10-4. My mechanic is convinced he can prop it. I’m not gonna get too crazy. I’ll see how the 3 blade 18p shakes out today and I’ll let you know how those numbers shake out.


----------



## Smackdaddy53 (Dec 31, 2012)

Lowtidelowlife said:


> 10-4. My mechanic is convinced he can prop it. I’m not gonna get too crazy. I’ll see how the 3 blade 18p shakes out today and I’ll let you know how those numbers shake out.
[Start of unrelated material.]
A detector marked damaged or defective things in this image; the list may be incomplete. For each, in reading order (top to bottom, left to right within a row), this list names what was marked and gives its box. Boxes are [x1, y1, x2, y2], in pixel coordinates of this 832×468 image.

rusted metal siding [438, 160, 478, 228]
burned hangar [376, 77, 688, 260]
Yeah never rule out a three blade, they can do a lot more than folks realize


----------



## Lowtidelowlife (Aug 19, 2014)

Smackdaddy53 said:


> Yeah never rule out a three blade, they can do a lot more than folks realize


My clamshell 115 ran great with that 3 blade so we’ll see how the new technology likes it. Although I do like those new merc prop hubs. I’ve been living in ancient technology for a while.


----------



## Smackdaddy53 (Dec 31, 2012)

Lowtidelowlife said:


> My clamshell 115 ran great with that 3 blade so we’ll see how the new technology likes it. Although I do like those new merc prop hubs. I’ve been living in ancient technology for a while.
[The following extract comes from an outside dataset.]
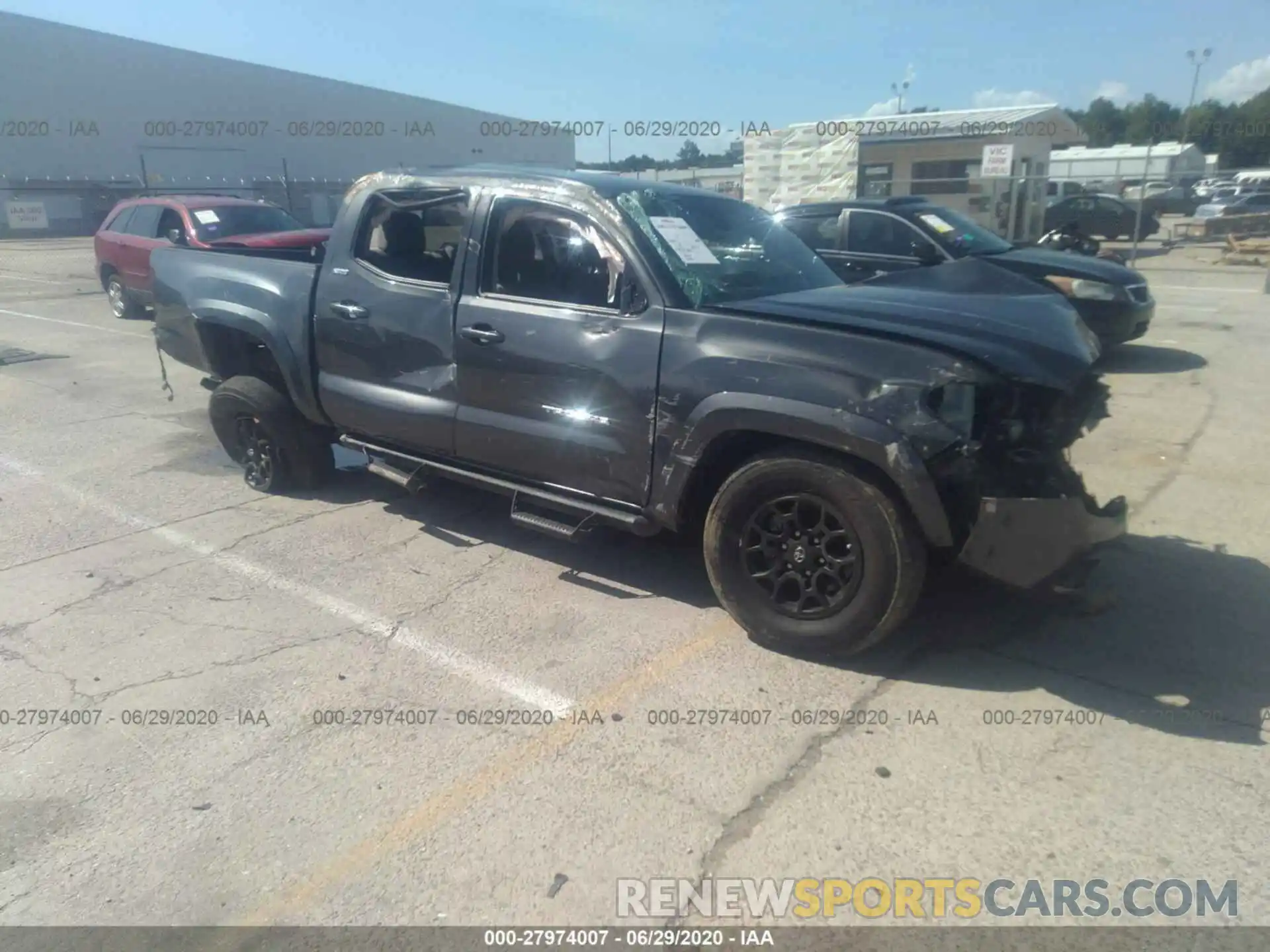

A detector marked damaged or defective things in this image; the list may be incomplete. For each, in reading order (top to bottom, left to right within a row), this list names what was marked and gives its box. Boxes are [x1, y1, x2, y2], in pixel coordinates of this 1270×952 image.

What’s different about the hub?


----------



## Lowtidelowlife (Aug 19, 2014)

Smackdaddy53 said:


> What’s different about the hub?


They have removable hubs, no more spinning a prop and having to have a new hub pressed in. They’re trippy.


----------



## Lowtidelowlife (Aug 19, 2014)

3 blade 18p lost some hole shot for sure. Top end had me close to 6k with a little tab, conditions were a little shitty and reached 37mph. I’m gonna try some of my mechanics 3 blade 18p’s and see which one is in the sweet spot.


----------



## Smackdaddy53 (Dec 31, 2012)

Try a little cup and bend blades back some


----------



## Lowtidelowlife (Aug 19, 2014)

Mechanic wasn’t super helpful. Called Ken at prop gods. Solid dude. Dialed in. Should have prop and new numbers this week.


----------



## Lowtidelowlife (Aug 19, 2014)

So the NRS3 15p is the ticket. Killer hole shot, mid range is insanely responsive, and top end touches 42 at around 6100 rpm without fussing too much over tabs and trim, didn’t have a lot of time today to play around but pretty sure I have the prop I’m looking for. I’m not gonna chase down the 150-200 rpm I still have left to spin.


----------



## Smackdaddy53 (Dec 31, 2012)

Must be a different blade geometry, I thought that 3 blade 19 would get you the RPM you were looking for.
Were the other props 13 1/4” diameter as well?


----------



## Lowtidelowlife (Aug 19, 2014)

Smackdaddy53 said:


> Must be a different blade geometry, I thought that 3 blade 19 would get you the RPM you were looking for.
> Were the other props 13 1/4” diameter as well?


the 18p 3 blade was giving me the rpm but the hole shot just suckkkkked


----------



## Smackdaddy53 (Dec 31, 2012)

Lowtidelowlife said:


> the 18p 3 blade was giving me the rpm but the hole shot just suckkkkked


It’s crazy how just a little tweak of the prop changes the attitude so drastically.


----------



## Lowtidelowlife (Aug 19, 2014)

Smackdaddy53 said:


> It’s crazy how just a little tweak of the prop changes the attitude so drastically.


I will never pretend to know more than just completely pedestrian and remedial information about props.


----------